C’est l’une des dernières colonies françaises, « un caillou » perdu au milieu de l’océan Pacifique à 17.000 kilomètres de la métropole. Une île de contrastes où l’on ronge les montagnes pour en extraire le nickel et où les touristes surfent paisiblement sur la barrière de corail. Ces derniers jours, la Nouvelle-Calédonie revient dans l’actualité. Dimanche 4 octobre, un nouveau référendum s’y tiendra pour voter pour ou contre l’indépendance de ce territoire appelé Kanaky par la population mélanésienne autochtone.
Derrière la question de l’indépendance, les enjeux géopolitiques sont énormes. L’île est la quatrième productrice mondiale de nickel et son espace maritime représente 13 % de la zone économique exclusive [1] de la France. Fortement émettrice de gaz à effet de serre du fait de ses activités minières, la Nouvelle-Calédonie n’a jamais ratifié le protocole de Kyoto et rejette autant de CO2 par habitant que les États-Unis.

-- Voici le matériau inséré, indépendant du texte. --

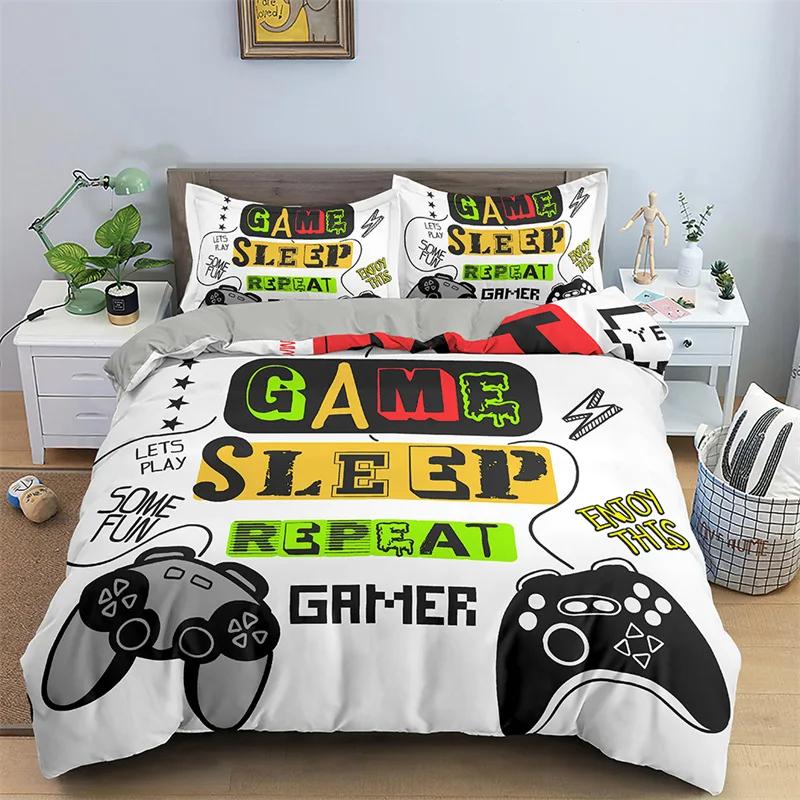 Soft Game Twin Full Queen King Bedding Set Microfiber Gamepad Controller Print Duvet Cover Set Boys Video Games Comforter Cover
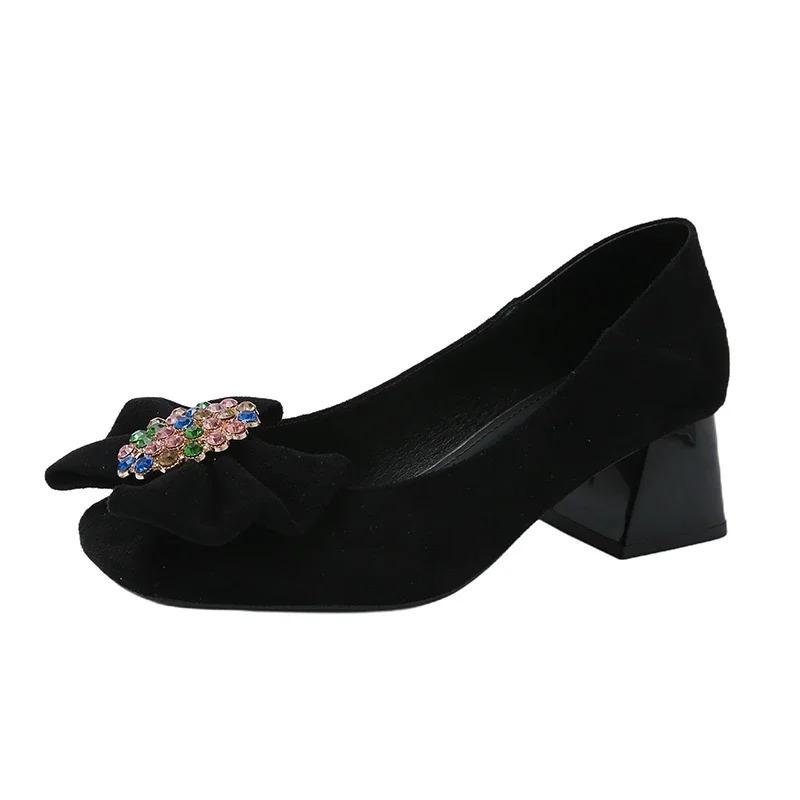 Fashion 2025Pumps Spring and Autumn New style fashion square heel single shoes Sweet bow Bright Diamond party women's shoes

C’est dans ce contexte que sort le film Nation.s réalisé par Florent Tillon et Hélène Magne. Diffusé depuis plusieurs semaines dans les réseaux militants en France, sur des Zad et chez les tribus en Kanaky, le film, en libre accès sur la plateforme Vimeo, pose un regard acéré sur la destruction écologique de l’île. Il tente de faire entendre, dans ces tristes tropiques, d’autres voix que celles glorifiant le développement. Ils évoquent souvent la Coutume, cet ensemble d’usages et de règles sociales qui constitue la forme de vie kanak traditionnelle, menacée aujourd’hui par l’économie et la politique.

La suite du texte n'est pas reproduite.